Afton---Dachau, No Words


There were so many times in our life in Germany that occasioned opportunities to marvel, to imagine, to examine. Probably none so profound, ironically, as the trip we took to nearby Dachau, an infamous concentration camp of WW II, where countless victims of the Nazis suffered unbearable horrors and met unbelievable fates.

There are of course no words to convey the impact of the experience of visiting such a place. And if that is so, and it is, then how can there be words to express the experience of those who actually agonized here in the flesh? Still, it is important to come here, to acknowledge such a place. Such a damn reality. Come. Remember.

To walk in the misleading sunshine that day to the "showers" where women with babes in arms were gassed to death alongside old men and toddlers, then on to the remains of the ovens where many were reduced to ashes. To see the barracks where so many endured a living death until they gave out body and soul, or found it to be their turn to line up for the death march. To see the displays and pictures of these very lost ones in the museum and to read of their privations, tortures, and hopelessness. Somber? Despairing? Haunting? Heart wrenching? No, there are simply no words.

There were few people there that day, and one was free to simply wander around. It was a hushed atmosphere, dare I say a strange, but consecrated holiness in bizarre juxtaposition to the evil that had dwelt here? Usually when there are no words, from the depths of the heart spring sacred tears. But even they failed me. The impact of the abrupt sculpture depicting bodies being thrown helter skelter into a mass grave moved me as no other work of art ever has, ever will. Forever seared into my being. This picture we took of it does it no justice. How appropriate for the last place having nothing at all to do with justice.

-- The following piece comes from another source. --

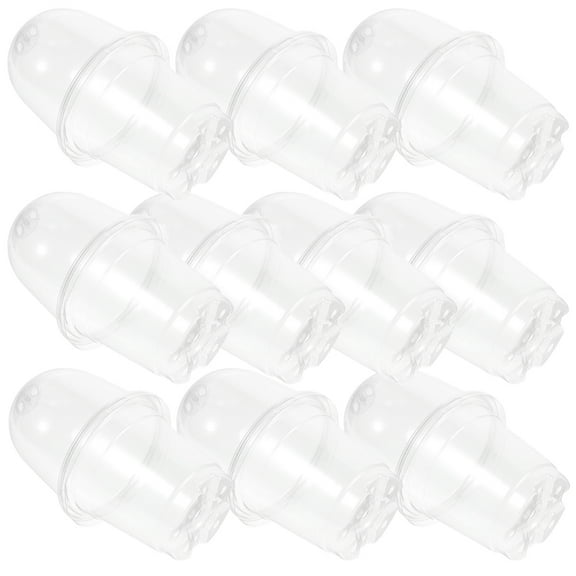 WHAMVOX Self Transparent Seedling Pot Outdoor Garden Nursery Pots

I brought home a book from Dachau, They Killed 6 Million Jews, and learned a lot more about this nightmare. Can anyone ever really learn, really understand how the hell this hell happened?

2 comments:

Sydney said...

thanks for the horrible memory!

Melinda said...

Willow,

Sometimes it's important to acknowledge the horrible so we will move heaven and earth to never repeat it.

Last night watched a DVD. Into the Arms of Strangers, about German children who were sent by their parents to Great Britain, and thus survived the War. Their stories are not all fun and light, but they are real. And 10,000 Jewish and Christian children survived because of that.

The good old USA refused to accept any child refugees, Congress voting against, maintaining that "God would not want families to be separated." Eleanor Roosevelt stood up against the powers that be and saved a boatload of almost 1,000 during this time.

But 1,500,000 children died during the Holocaust. I'll be damnned if we put our heads in the sand and let that happen again on our watch. We HAVE to remember the horrible. So we will stand up to it.